Aside from her running exploits, Atalanta was also the inspiration for the first of many similar paradoxes put forth by the ancient philosopher Zeno of Elea about how motion, logically, should be impossible. The argument goes something like this:

  • To go from her starting point to her destination, Atalanta must first travel half of the total distance.
  • To travel the remaining distance, she must first travel half of what’s left over.
  • No matter how small a distance is still left, she must travel half of it, and then half of what’s still remaining, and so on, ad infinitum.
  • With an infinite number of steps required to get there, clearly she can never complete the journey.
  • And hence, Zeno states, motion is impossible: Zeno’s paradox.

While there are many variants to this paradox, this is the closest version to the original that survives.
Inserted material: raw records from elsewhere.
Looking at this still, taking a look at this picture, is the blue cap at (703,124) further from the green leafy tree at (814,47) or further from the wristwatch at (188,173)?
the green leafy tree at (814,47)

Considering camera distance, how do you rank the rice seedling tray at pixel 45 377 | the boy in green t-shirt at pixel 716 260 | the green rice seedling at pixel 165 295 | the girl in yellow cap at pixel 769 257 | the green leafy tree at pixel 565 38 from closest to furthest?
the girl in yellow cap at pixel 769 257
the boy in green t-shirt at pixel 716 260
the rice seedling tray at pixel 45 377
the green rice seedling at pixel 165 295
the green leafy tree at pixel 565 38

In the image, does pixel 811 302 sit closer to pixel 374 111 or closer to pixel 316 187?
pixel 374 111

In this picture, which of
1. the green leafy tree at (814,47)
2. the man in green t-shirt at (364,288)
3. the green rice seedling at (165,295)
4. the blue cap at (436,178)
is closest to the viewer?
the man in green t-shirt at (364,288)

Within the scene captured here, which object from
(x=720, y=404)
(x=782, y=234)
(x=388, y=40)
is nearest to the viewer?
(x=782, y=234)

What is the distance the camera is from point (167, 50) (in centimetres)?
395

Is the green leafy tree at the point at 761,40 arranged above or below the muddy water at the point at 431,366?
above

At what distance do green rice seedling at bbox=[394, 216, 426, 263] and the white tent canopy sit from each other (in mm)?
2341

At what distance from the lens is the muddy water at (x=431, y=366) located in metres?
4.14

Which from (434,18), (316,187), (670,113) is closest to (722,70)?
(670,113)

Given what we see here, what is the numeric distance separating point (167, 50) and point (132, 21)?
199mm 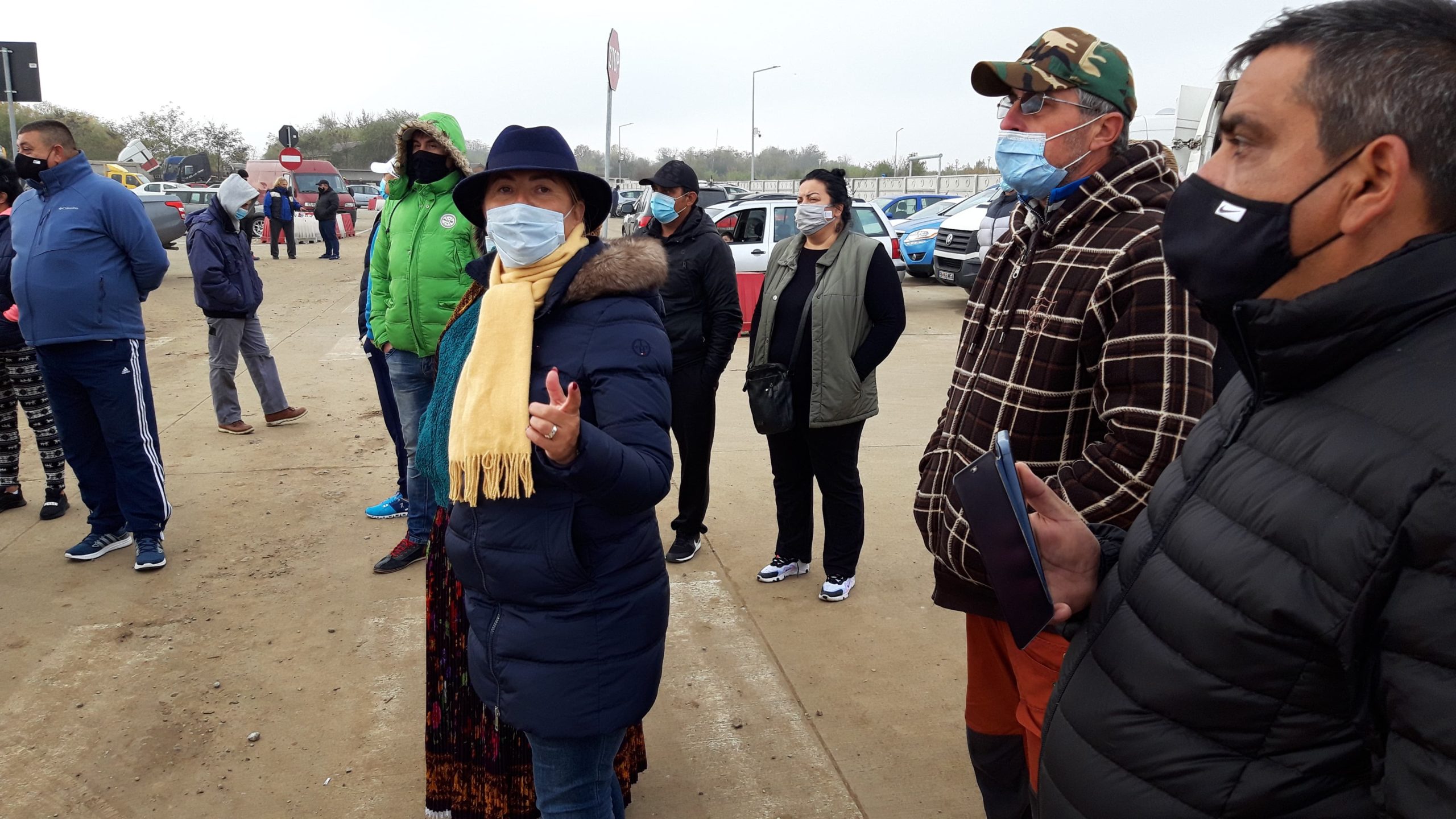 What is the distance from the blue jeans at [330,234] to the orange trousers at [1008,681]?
21088mm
Although it may be obvious what the solution is — that motion is indeed possible — it’s physics, not merely mathematics alone, that allows us to see how this paradox gets resolved.

A sculpture of Atalanta, the fastest person in the world, running in a race. If not for the trickery of Aphrodite and the allure of the three golden apples, which she stopped to pick up each time her opponent dropped one, nobody would have ever defeated Atalanta in a fair footrace.

Credit: Pierre Lepautre/Jebulon of Wikimedia Commons

The oldest “solution” to the paradox was put forth based on a purely mathematical perspective. The claim admits that, sure, there might be an infinite number of jumps that you’d need to take, but each new jump gets smaller and smaller than the previous one. Therefore, as long as you could demonstrate that the total sum of every jump you need to take adds up to a finite value, it doesn’t matter how many chunks you divide it into.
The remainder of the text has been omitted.